Newnham’s Iain Bain royal book design published

PUBLISHED: 12:02 30 June 2018 | UPDATED: 18:20 04 July 2018

Tributes have been paid to Iain Bain, former David's Bookshop chairman and hammer thrower. Picture: Courtesy of David Walker

Tributes have been paid to Iain Bain, former David's Bookshop chairman and hammer thrower. Picture: Courtesy of David Walker


A book of illustrations of plants in Prince Charles’ property in Romania, which was designed by late Newnham resident Iain Bain, is set to be published.

Iain, who died in April aged 84, had lived in the village for nearly 60 years.

Throughout his life he had taken on many interests – he was a former champion hammer thrower who later became head of publications at the Tate Gallery, and was for many years chairman of directors at David’s Bookshop in Letchworth.

The final works by Iain – A Transylvania Florilegium, the first volume of which is to be published on Tuesday – is a collection of watercolour pictures of plants at the Prince’s Romanian home, which he designed.

Seven years in the making, all 150 copies of the book were handmade and signed by Prince Charles, and will sell for £12,950 for both volumes, with profits going to the Prince of Wales’ Charitable Foundation.

In 2008, Iain was the designer and production manager for a book of watercolours of the flowers at the Prince’s home Highgrove – which A Transylvania Florilegium is inspired by – published to mark the royal’s 60th birthday.

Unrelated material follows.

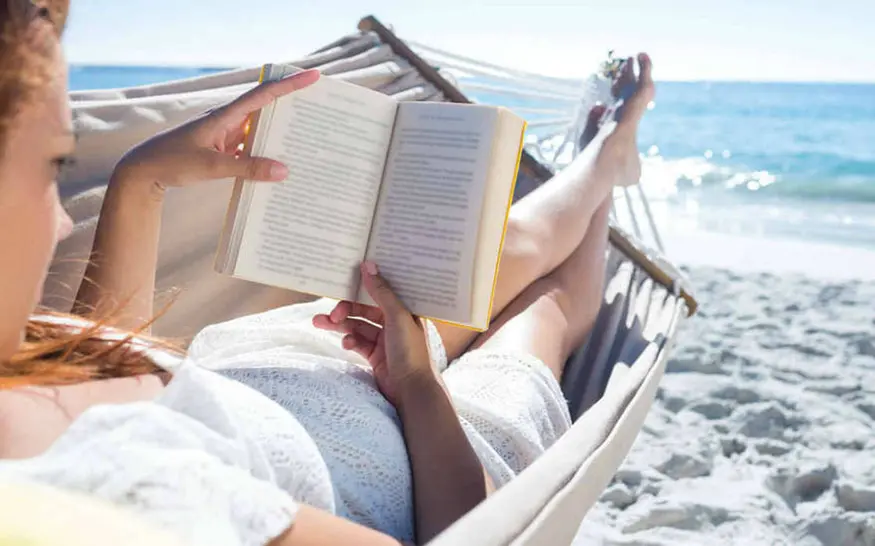 QUÉ BUSCAMOS LEER ESTE VERANO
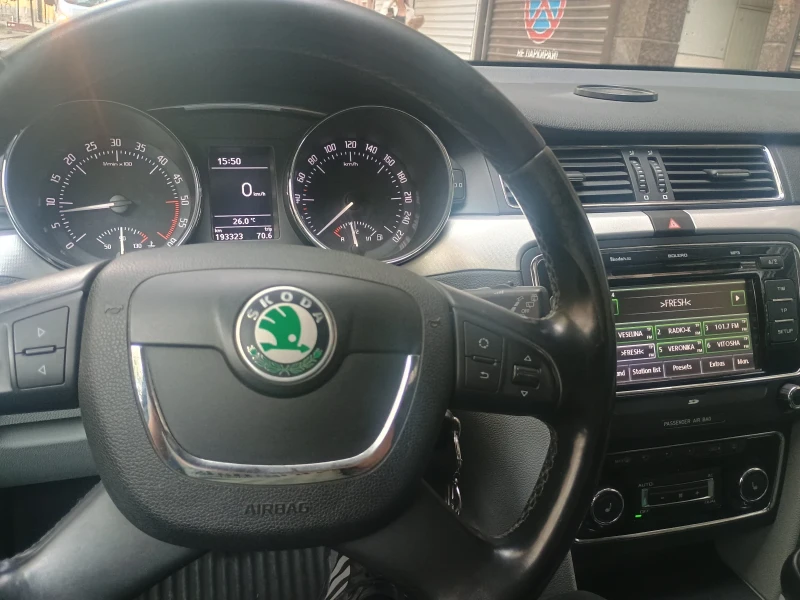 Skoda Superb, снимка 11 - Автомобили и джипове - 47542538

Other books he designed include David’s Book of Letchworth, a history of and guide to the garden city published by David’s Bookshop.

His knowledge of print and engraving were also utilised in setting up some of the exhibits at Ashwell village museum.

The former owner of David’s Bookshop, William Armitage, said: “Iain’s breadth of vision and real interest in the community he lived in made him an ideal chairman for David’s.”

In addition to his royal book designs, Iain was a world-renowned expert on print and design history, notably the work of the 18th/19th century engraver and natural history author Thomas Bewick, and gained a range of awards for his research.

He was also an accomplished player of the bagpipes and – probably his greatest love as a musician – the Northumbrian small pipes, on which he gave performances locally.

There is a memorial service planned in Iain’s honour for September, which will be held at St Mary’s Church in Ashwell.

He is survived by his wife Susan – they married in 1958 – and their daughters Christina and Catriona.